Des coups de sonde du côté des arts, de l’écologie, de l’éthique, de la philosophie, de la psychologie, de la récréologie, de la sexualité et de la spiritualité contribuent à poser un regard diversifié sur une réalité complexe. Les lectrices et les lecteurs risquent de faire des découvertes en se promenant d’une discipline à une autre. Reconnaissons que l’exercice est exigeant, mais les résultats sont étonnants. Quelques éléments retiennent l’attention.
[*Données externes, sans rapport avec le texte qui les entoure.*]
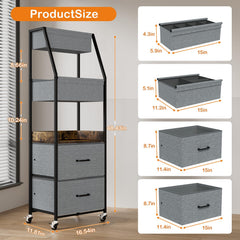 Lurgno diaper caddy cart 5-tier side drawer open for easy access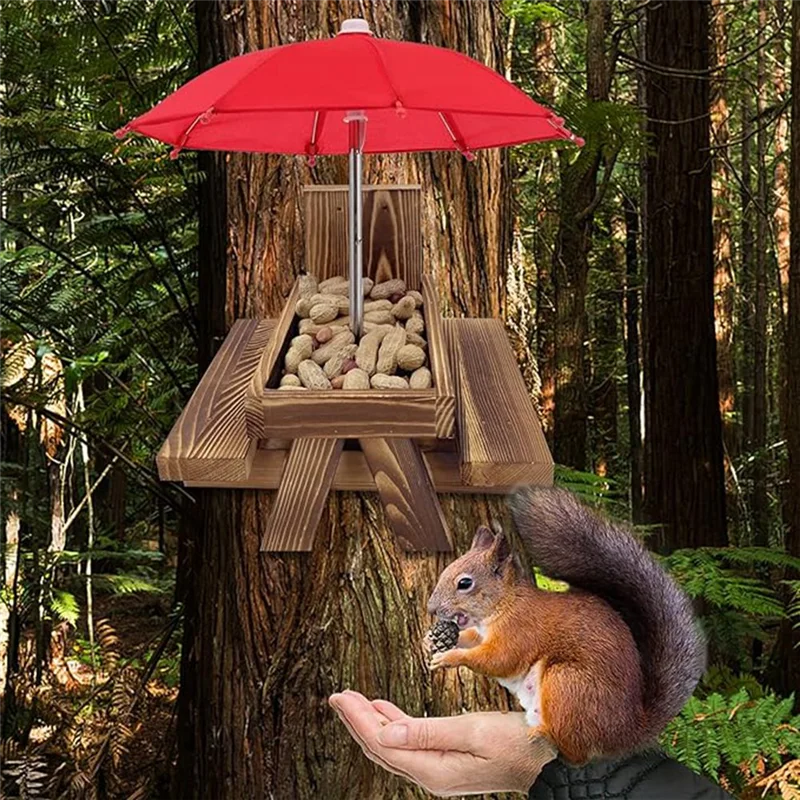 【New Arrival】Squirrel Feeder Picnic Table With Umbrella,Wooden Squirrel Feeders For Outside,Cute Chipmunk Feeder+Solid Structure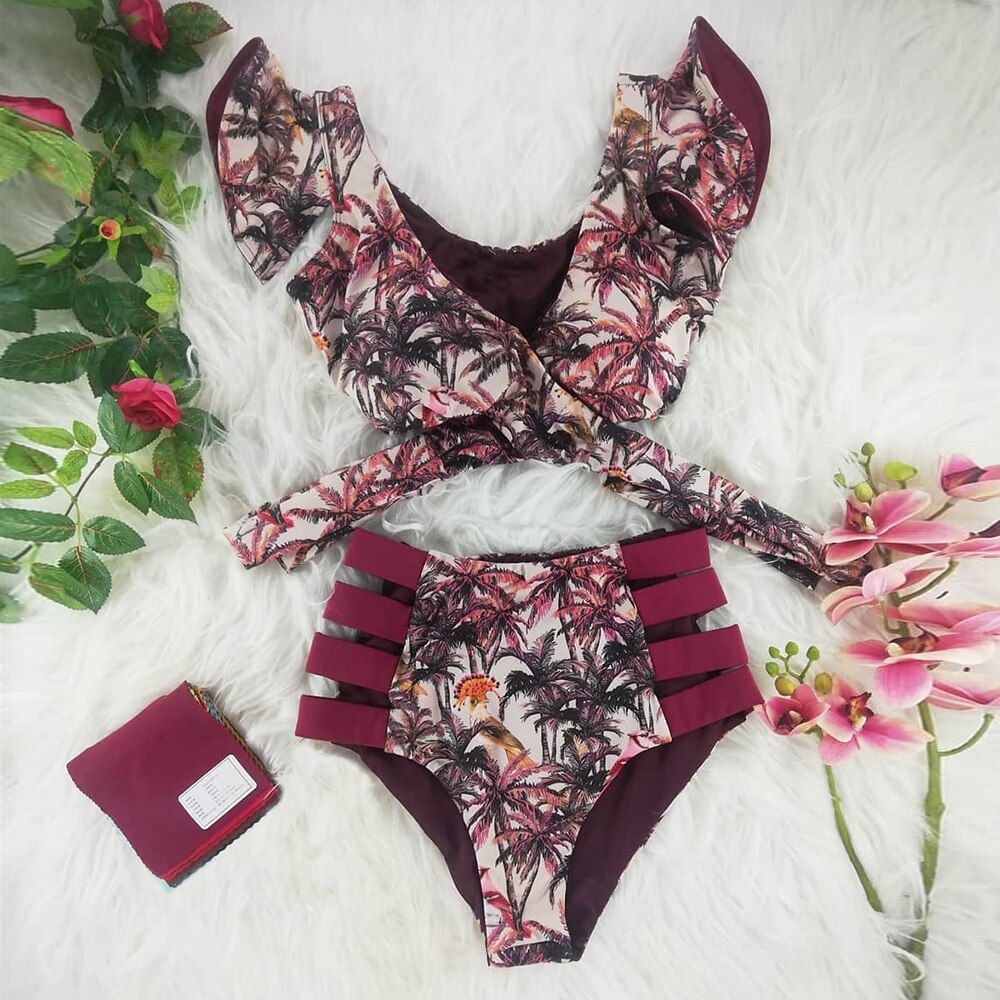 Two-Pieces Women Floral Push-Up Padded Bra Ruffles Bandage Bikini Set Swimsuit Swimwear Bathing Suit Beachwear Biquini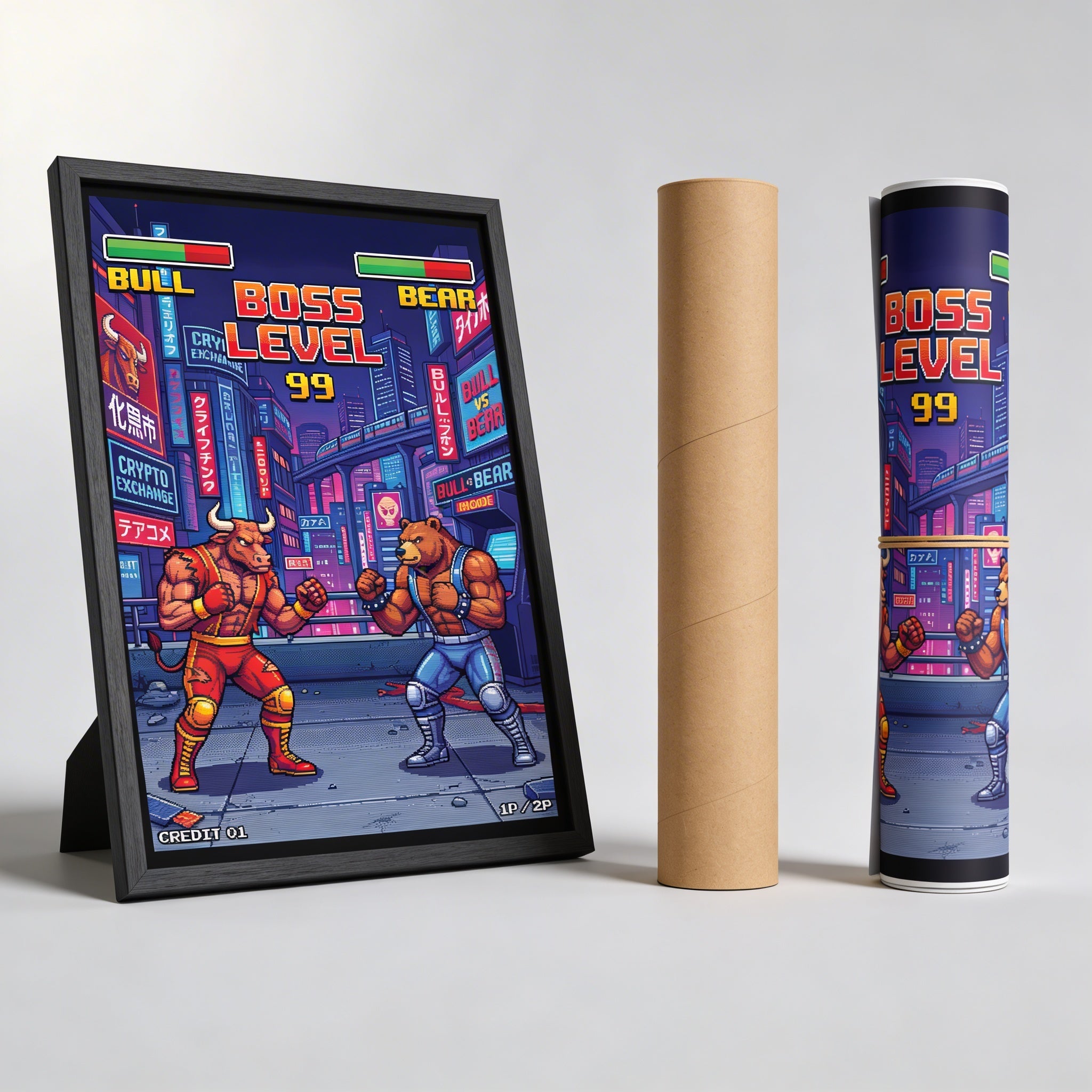 Retro Oyun Boğa Ayı Dövüşü Posteri | 80'ler Arcade Piksel Sanatı | Borsa Kripto Duvar Dekoru | Neon Siberpunk Tokyo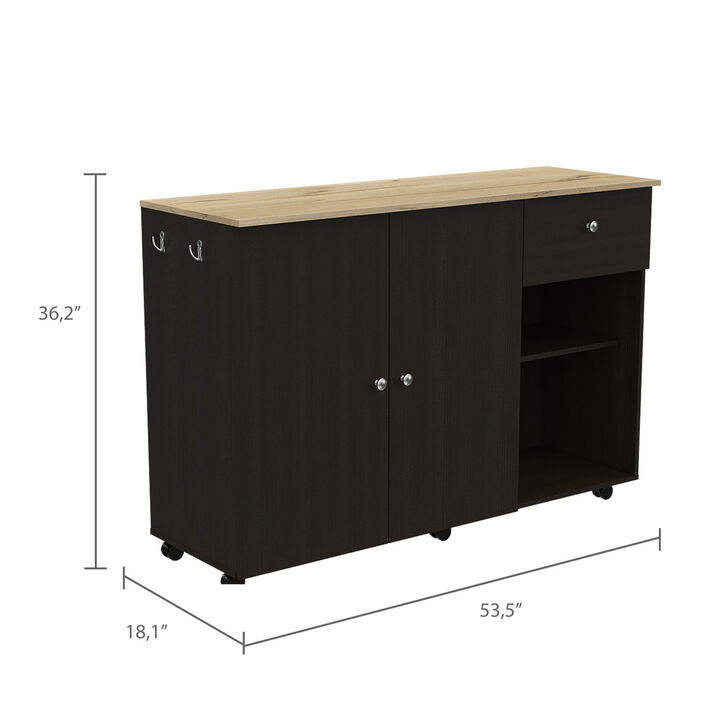 Sayville 2-Drawer 2-Shelf Kitchen Island Black Wengue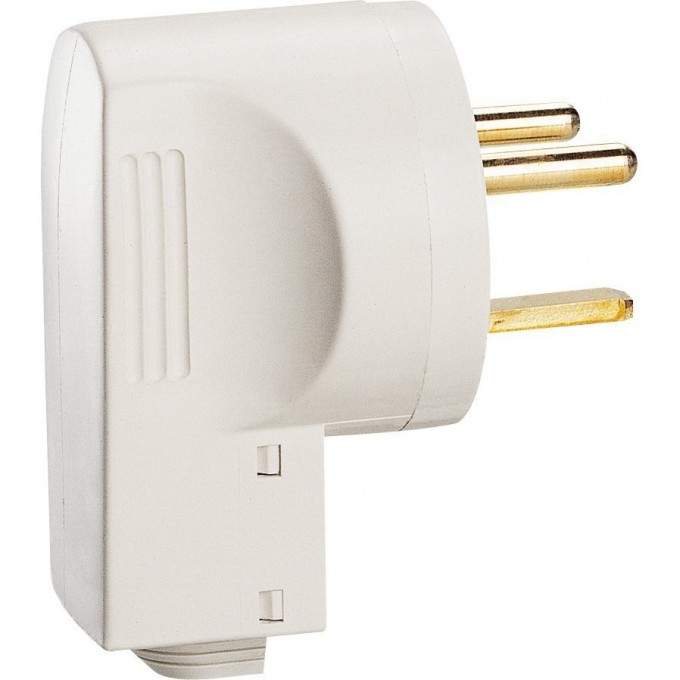 Вилка пластиковая LEGRAND 2К+З 32 А выход кабеля сбоку белый 055802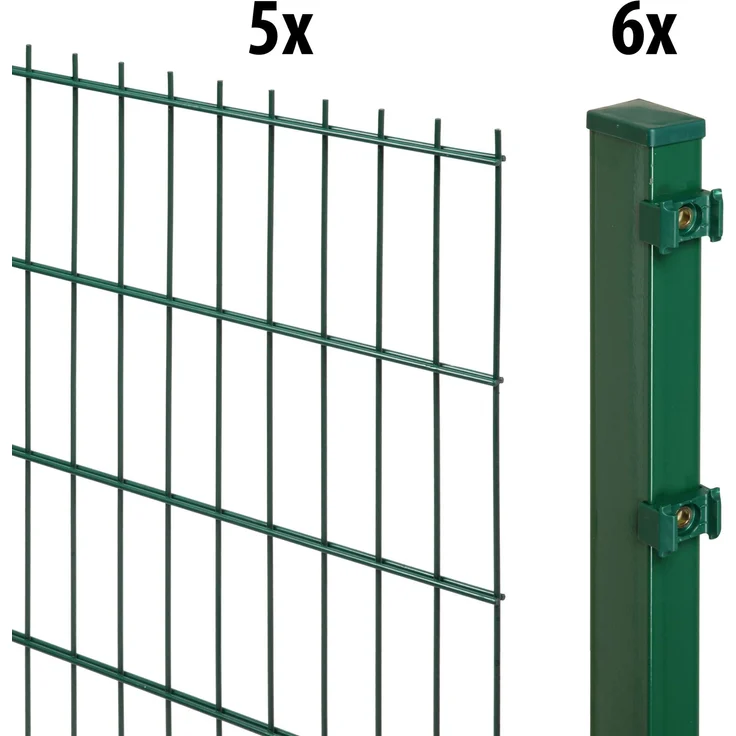 Garden 'N' More Doppelstabmattenzaun Set excellent, 203 cm hoch, grün, 5 Elemente für 10 m, 6 Pfosten – Bild 2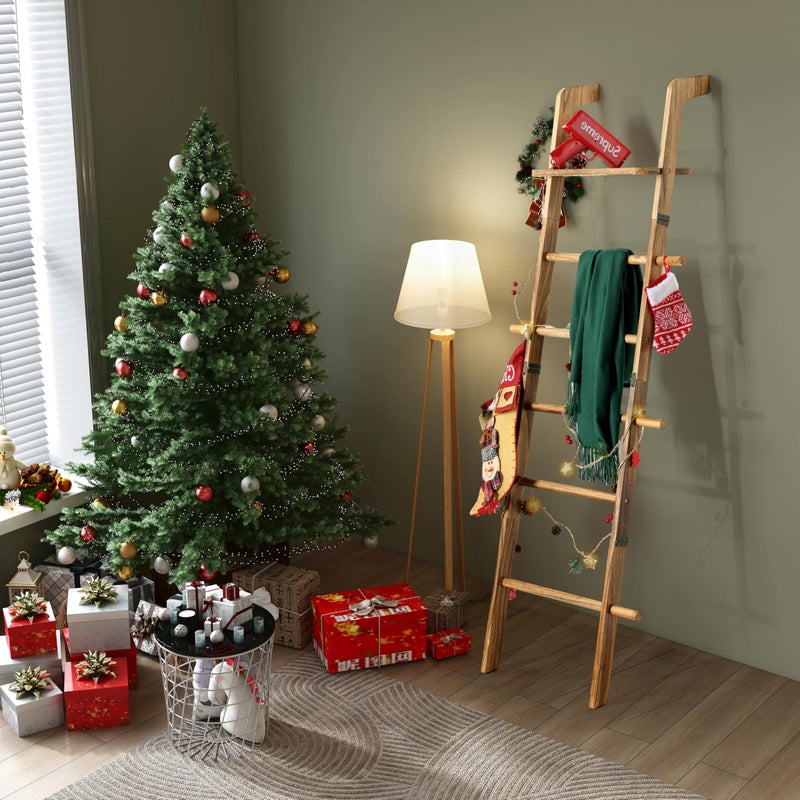 ZUNTO Blanket Ladder with Top Shelf for The Living Room - 67in Decorative Wooden Blanket Holder, 5 Tier with Side Hooks for Hanging - Rustic Farmhouse Towel Throw Ladder Rack for Organize and Display - Image 4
Chez les sages et les philosophes
Le livre est divisé en trois parties selon un découpage interdisciplinaire. La première partie trouve preneur auprès des philosophes et des sages. Le bonheur selon la conception d’Aristote ouvre la réflexion sur le sujet. La présentation de ce classique donne le ton. Suivent les pensées des stoïciens, des épicuriens et des sceptiques. Les grandes articulations du bonheur chez deux maîtres, Augustin et Thomas d’Aquin, font l’objet de synthèses finement construites. Une interprétation du récit évangélique des Béatitudes complète cette première partie. J’ai beaucoup apprécié ce tour d’horizon, présenté dans de courts chapitres — une vingtaine de pages —, pour répondre à la question de départ.
Comme «art de vivre»
La deuxième partie aborde le bonheur comme «art de vivre». Le multidisciplinaire est à l’honneur. J’ai lu avec intérêt les résultats des plus récentes recherches en psychologie. La proposition de nouveaux paramètres enrichit la réflexion. Un chapitre sur «Bonheur, loisir et vieillissement» mérite une attention spéciale. J’ai mieux compris l’aspiration au bonheur des personnes aînées en rapport avec le loisir spirituel. Dans la même foulée, il sera aussi question de Bonheur et spiritualité: l’art de vivre heureux selon le dalaï-lama. Je veux aussi souligner la pertinence de la réflexion sur le bonheur sexuel. Rédigé par les deux directeurs de l’ouvrage, ce chapitre soulève des questions pertinentes avec lucidité et maturité. Leur écho résonne dans une société hyper sexualisée. Mon coup de cœur irait aux textes de deux artistes, des passionnés, dans la conclusion de cette partie: Paule Baillargeon et Yves Laferrière enchantent par le ton poétique de leur propos.
Une dimension sociale
La troisième partie concerne le thème Bonheur et conscience sociale. Le champ de réflexion ouvre sur les défis d’aujourd’hui. La problématique est familière: «La crise du sens et la crise de l’environnement menacent notre bonheur individuel et collectif.» Quatre chapitres explorent différents thèmes ayant des incidences sur le bonheur. L’écologie, l’hyperconsommation, les médias et la publicité, de même que l’ouverture aux autres comme lieu d’engagement et d’avenir. L’aspect innovateur transparaît dans ces pages. Les auteurs valorisent des aspects moins connus dans l’opinion publique. Des pistes d’action sont élaborées en vue d’une meilleure prise de conscience sociale en lien avec les quêtes de bonheur. Cette partie éveille les lecteurs et les lectrices à la dimension sociale du bonheur, trop souvent oubliée dans la réflexion. Comme si le bonheur n’était qu’une question individuelle!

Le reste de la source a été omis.